As written, this is actually a tad stronger than we need, since we know that \(\tilde{\theta} \rightarrow \theta_0\), which means that any ball \(B_\theta\) of fixed size will be “bigger than necessary.” Nevertheless, it is common to assume a ULLN, with the understanding that you are free to make \(B_\theta\) as small as necessary.

The study of what conditions imply a ULLN is a rich topic. But an easily applicable criterion is that the function of interest be bounded by an integrable envelope. Specifically: a function \(f(\theta, x_n)\) obeys a ULLN in \(B_\theta\) if there exists a non-negative function \(M(x)\), with \(\mathbb{E}_{x_1}[M(x_1)] < \infty\), such that

\[\left| f(\theta, x_1) \right| \le M(x_1)\quad \textrm{for all possible }x_1\textrm{ and all } \theta \in B_\theta.\]

(See van der Vaart’s Asymptotic Statistics, Example 19.7, which actually states a somewhat weaker requirement.)

Classical proofs often assume an integrable envelope condition, even if they do not use it directly in a ULLN. Lehmann’s Theory of Point Estimation, for example, proves asymptotic normality of the MLE under the condition that \(\ell_{3}(x_n \vert \theta)\) has an integrable envelope, though he does not use this directly in a ULLN (see Eq. 15 in Theorem 2.3 of section 6.2).

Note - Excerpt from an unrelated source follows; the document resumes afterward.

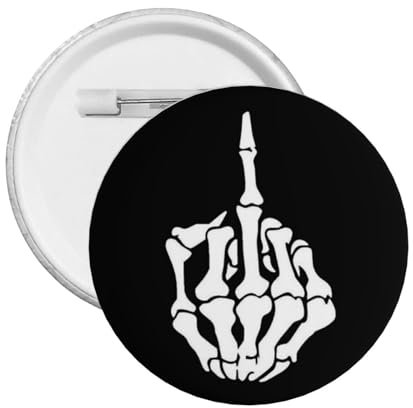 Totenkopf Mittelfinger Button Pins Buttons Anstecker für Frauen Männer Runde Anstecker Brosche Anstecker Button Pins Brosche Anstecker für Männer 1 STK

I find proofs to be simpler if you simply lean on a ULLN, though this might be a matter of taste.

A ULLN basically allows you to ignore the dependence of \(\tilde{\theta}\) on the data, since \(\tilde{\theta}\) is eventually in any \(B_\theta\), and

\[\begin{align*} &\left| \frac{1}{N}\sum_{n=1}^N \ell_{(2)}(x_n \vert \tilde{\theta}) - \mathbb{E}_{x_1}[\ell_{(2)}(x_1 | \theta_0)] \right| \le \\ &\quad \left| \frac{1}{N}\sum_{n=1}^N \ell_{(2)}(x_n \vert \tilde{\theta}) - \mathbb{E}_{x_1}[\ell_{(2)}(x_1 | \tilde{\theta})] \right| + \left| \mathbb{E}_{x_1}[\ell_{(2)}(x_1 | \tilde{\theta})] - \mathbb{E}_{x_1}[\ell_{(2)}(x_1 | \theta_0)] \right| \le\\ &\quad \sup_{\theta \in B_\theta } \left| \frac{1}{N}\sum_{n=1}^N \ell_{(2)}(x_n \vert \theta) - \mathbb{E}_{x_1}[\ell_{(2)}(x_1 | \theta)] \right| + \left| \mathbb{E}_{x_1}[\ell_{(2)}(x_1 | \tilde{\theta})] - \mathbb{E}_{x_1}[\ell_{(2)}(x_1 | \theta_0)] \right| \rightarrow\\ &\quad 0 + 0, \end{align*}\]

where the first term follows from the ULLN and the second from assumed continuity of \(\theta \mapsto \mathbb{E}_{x_1}[\ell_{(2)}(x_1 | \theta)]\) and the consistency of \(\hat\theta\).

For the remainder of this stroll, we’ll take the above argument for granted, and simply treat quantities like \(\frac{1}{N}\sum_{n=1}^N \ell_{(2)}(x_n \vert \tilde{\theta})\) as if they were evaluated at a fixed \(\theta_0\) whenever we know \(\tilde{\theta}\) will eventually land in an arbitrarily small ball around \(\hat\theta\).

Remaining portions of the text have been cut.